Data for review:
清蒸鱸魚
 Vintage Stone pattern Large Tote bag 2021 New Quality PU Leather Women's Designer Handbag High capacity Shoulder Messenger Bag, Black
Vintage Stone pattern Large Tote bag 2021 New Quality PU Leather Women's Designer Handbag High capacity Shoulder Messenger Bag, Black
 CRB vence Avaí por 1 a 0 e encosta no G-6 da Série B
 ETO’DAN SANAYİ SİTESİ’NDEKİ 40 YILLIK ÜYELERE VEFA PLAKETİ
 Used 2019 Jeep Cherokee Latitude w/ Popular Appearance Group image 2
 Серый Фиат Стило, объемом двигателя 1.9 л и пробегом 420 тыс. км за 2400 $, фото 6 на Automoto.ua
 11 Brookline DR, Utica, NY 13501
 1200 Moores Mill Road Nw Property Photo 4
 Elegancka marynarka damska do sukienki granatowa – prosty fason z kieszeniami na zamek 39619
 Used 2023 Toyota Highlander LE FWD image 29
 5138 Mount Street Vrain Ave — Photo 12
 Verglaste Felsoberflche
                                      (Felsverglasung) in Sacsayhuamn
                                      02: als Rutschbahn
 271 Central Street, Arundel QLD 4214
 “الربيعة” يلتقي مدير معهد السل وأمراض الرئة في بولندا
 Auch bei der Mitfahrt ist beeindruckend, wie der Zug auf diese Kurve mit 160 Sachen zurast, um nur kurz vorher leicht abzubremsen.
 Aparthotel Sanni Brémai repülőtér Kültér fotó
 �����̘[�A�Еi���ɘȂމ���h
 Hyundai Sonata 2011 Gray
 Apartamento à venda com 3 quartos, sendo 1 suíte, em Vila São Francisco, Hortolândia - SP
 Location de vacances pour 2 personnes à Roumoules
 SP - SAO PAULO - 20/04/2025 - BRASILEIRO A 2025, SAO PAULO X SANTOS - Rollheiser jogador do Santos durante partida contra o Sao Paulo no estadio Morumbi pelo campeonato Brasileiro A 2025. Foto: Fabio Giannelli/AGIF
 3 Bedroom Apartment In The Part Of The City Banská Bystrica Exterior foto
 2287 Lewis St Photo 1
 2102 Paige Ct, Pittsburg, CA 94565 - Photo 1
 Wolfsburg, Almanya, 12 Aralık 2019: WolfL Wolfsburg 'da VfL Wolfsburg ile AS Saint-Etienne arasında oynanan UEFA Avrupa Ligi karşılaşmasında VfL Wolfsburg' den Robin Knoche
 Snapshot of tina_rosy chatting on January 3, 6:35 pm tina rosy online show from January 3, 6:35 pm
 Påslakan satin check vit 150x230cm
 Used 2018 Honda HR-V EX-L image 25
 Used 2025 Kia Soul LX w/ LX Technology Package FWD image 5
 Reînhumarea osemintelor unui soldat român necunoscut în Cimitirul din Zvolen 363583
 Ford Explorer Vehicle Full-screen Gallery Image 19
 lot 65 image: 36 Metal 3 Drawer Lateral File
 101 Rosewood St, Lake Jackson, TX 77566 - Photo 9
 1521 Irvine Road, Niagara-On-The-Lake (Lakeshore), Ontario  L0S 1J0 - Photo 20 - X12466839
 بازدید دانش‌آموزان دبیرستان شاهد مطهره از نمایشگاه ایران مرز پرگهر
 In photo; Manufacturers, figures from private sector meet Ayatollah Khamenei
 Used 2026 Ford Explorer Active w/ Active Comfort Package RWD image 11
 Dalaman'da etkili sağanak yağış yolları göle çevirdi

About this task:
Lines of the listing above that include the string "pattern" should each be copied.

Exercise output:
 Vintage Stone pattern Large Tote bag 2021 New Quality PU Leather Women's Designer Handbag High capacity Shoulder Messenger Bag, Black
Vintage Stone pattern Large Tote bag 2021 New Quality PU Leather Women's Designer Handbag High capacity Shoulder Messenger Bag, Black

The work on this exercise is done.